# Game 82 Thread: Lakers vs Blazers



## Brian34Cook (Mar 26, 2003)

<center>









Los Angeles Lakers (55-26, T-1st Place)

vs.









Portland Trailblazers (41-40, 3rd Place)

Wednesday, 7:00 pm 
at Trail Blazers 
TV: KCAL, NBALP 
Radio: KLAC-AM 570/KWKW-AM 1330 

*Starting Lineups:*

    
vs.
    

</center>


----------



## Ghiman (May 19, 2003)

Last game of the season! Lakers blow out the the blazers by +20!


----------



## Slasher (Jul 11, 2003)

This is going to be a fantastic game to watch.

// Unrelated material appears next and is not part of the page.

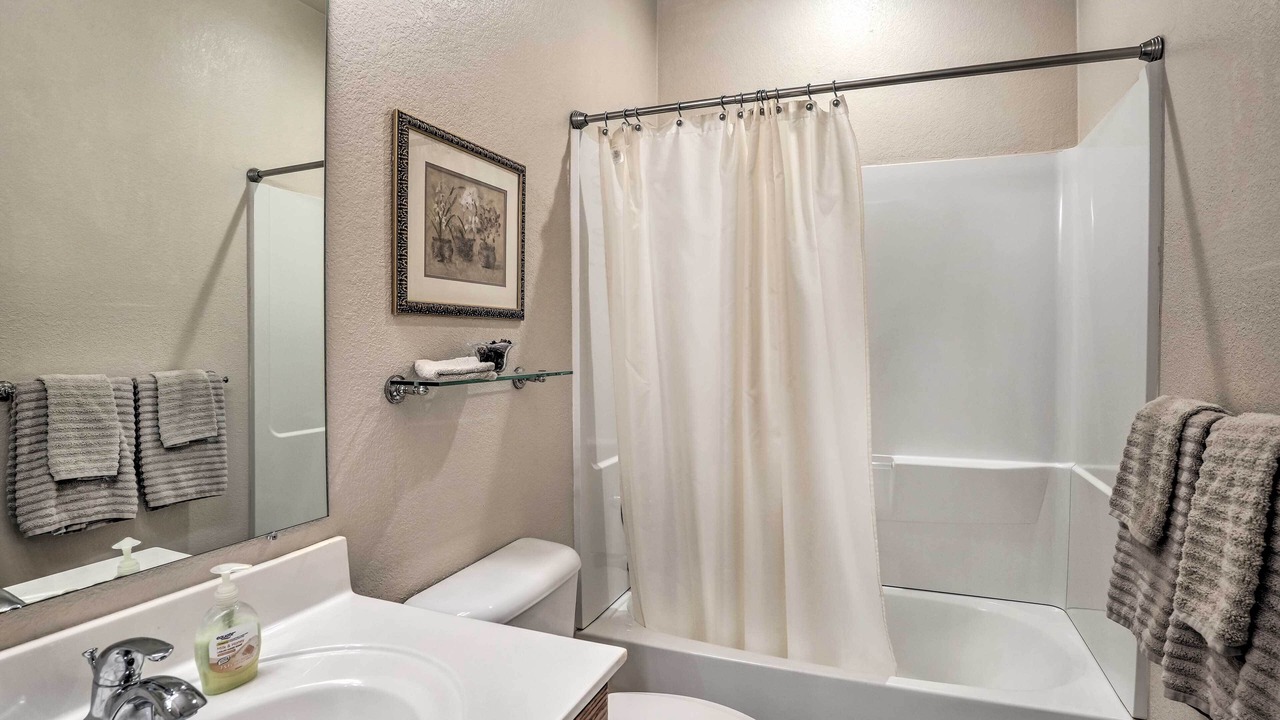 Photo of Bathroom in Palm Valley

Should be a close game, I don't think it'll be a blowout, although the Blazers don't care much at this time of the season.


----------



## Cris (Jun 18, 2003)

For Once in My Life I Am a Warriors Fan For One Day 
And This Game, I Wouldnt be to Sure About :uhoh:


This is The Last Game of the Preseason
The Real Thing Starts This Weekend


----------



## Ghost (Jun 21, 2002)

Lakers-106
Blazers-97


----------



## Laker Freak (Jul 1, 2003)

Oh so now Kobe wants the blonde girls to leave the room.
Where was that kind of thinking in July.


----------



## Damian Necronamous (Jun 10, 2002)

Gary Payton really hurts us. We are a much better team with Derek Fisher at PG.


----------



## HallOfFamer (May 26, 2003)

Malone injured at the end of the half, looks like the knee.


----------



## Hov (Aug 12, 2003)

> Originally posted by <b>HallOfFamer</b>!
> Malone injured at the end of the half, looks like the knee.


Doesnt look good.. He just went straight to the locker room without anyone examining him first


----------



## Laker Freak (Jul 1, 2003)

> Originally posted by <b>Damian Necronamous</b>!
> Gary Payton really hurts us. We are a much better team with Derek Fisher at PG.


He's just having a slow start.


----------



## Fracture (Mar 31, 2004)

Wasnt it the ankle? These guys on the radio broadcast said it was..


....it better not be serious


----------



## Sean (Jun 7, 2002)

Un-Freakin-Believable! 

I hope he's alright.


----------



## Cap (Nov 5, 2003)

Karl's injury isn't serious, apparently it's just an ankle sprain. He went straight to the locker room because it was the end of the half.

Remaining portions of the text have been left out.